§ **TASK DETAILS**
Pull every line holding the word "Unit" out of the data and copy it.

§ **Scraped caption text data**
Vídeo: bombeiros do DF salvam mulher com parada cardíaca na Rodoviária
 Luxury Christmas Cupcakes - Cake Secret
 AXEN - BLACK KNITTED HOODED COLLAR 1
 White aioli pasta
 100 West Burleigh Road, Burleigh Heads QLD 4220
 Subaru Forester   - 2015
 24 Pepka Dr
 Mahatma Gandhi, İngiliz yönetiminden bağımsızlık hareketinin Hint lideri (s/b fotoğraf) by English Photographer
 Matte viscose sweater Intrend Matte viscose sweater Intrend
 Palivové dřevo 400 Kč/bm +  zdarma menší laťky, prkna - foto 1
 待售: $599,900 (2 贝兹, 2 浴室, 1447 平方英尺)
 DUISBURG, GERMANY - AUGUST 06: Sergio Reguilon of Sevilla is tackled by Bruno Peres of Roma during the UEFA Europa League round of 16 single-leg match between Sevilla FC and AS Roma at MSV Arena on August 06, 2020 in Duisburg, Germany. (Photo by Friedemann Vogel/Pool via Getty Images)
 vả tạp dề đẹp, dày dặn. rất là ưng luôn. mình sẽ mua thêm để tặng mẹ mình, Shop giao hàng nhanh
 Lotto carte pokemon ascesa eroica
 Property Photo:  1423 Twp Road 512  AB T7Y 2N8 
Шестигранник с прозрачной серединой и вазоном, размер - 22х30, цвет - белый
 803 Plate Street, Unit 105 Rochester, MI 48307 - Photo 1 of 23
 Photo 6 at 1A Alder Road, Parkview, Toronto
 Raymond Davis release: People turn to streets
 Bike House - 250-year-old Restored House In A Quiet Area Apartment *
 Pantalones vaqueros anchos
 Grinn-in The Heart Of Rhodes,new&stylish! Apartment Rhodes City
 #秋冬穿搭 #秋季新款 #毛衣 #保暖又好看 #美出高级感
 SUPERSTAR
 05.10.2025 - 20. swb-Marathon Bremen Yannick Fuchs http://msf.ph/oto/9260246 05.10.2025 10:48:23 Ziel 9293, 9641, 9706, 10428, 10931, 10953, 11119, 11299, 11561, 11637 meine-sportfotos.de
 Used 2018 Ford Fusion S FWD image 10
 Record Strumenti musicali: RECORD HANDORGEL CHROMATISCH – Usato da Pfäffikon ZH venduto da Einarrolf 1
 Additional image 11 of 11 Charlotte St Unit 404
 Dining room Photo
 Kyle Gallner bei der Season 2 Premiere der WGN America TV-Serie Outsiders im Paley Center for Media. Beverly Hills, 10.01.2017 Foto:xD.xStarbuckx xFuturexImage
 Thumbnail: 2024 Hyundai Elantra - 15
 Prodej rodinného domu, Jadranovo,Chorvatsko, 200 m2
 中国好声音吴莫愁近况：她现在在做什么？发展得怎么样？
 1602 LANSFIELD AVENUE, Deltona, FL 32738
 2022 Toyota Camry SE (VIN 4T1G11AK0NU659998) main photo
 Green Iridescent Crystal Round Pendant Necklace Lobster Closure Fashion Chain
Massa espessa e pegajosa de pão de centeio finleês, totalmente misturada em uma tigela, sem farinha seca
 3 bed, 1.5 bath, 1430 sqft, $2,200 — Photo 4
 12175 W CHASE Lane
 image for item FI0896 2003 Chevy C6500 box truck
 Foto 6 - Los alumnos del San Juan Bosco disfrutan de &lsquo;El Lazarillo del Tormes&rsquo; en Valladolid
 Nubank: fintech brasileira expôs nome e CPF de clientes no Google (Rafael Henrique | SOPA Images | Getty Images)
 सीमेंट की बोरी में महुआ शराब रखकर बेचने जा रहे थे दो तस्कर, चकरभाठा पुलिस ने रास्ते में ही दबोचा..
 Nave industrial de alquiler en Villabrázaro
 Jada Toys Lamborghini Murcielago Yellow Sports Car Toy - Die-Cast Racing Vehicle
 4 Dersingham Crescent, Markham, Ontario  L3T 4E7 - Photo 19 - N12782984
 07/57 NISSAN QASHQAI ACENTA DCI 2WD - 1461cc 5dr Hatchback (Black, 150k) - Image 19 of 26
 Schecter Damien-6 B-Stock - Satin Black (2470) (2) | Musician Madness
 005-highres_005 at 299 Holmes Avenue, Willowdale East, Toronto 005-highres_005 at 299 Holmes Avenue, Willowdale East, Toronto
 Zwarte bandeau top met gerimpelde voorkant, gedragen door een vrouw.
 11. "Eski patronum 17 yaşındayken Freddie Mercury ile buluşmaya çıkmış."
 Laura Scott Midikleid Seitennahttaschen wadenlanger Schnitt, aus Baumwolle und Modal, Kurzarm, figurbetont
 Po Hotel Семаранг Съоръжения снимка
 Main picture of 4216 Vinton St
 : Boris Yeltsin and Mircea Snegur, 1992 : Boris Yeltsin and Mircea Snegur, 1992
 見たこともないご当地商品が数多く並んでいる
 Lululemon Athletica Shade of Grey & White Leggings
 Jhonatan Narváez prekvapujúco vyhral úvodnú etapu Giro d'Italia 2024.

§ **ANSWER TO THE EXERCISE**
 803 Plate Street, Unit 105 Rochester, MI 48307 - Photo 1 of 23
 Additional image 11 of 11 Charlotte St Unit 404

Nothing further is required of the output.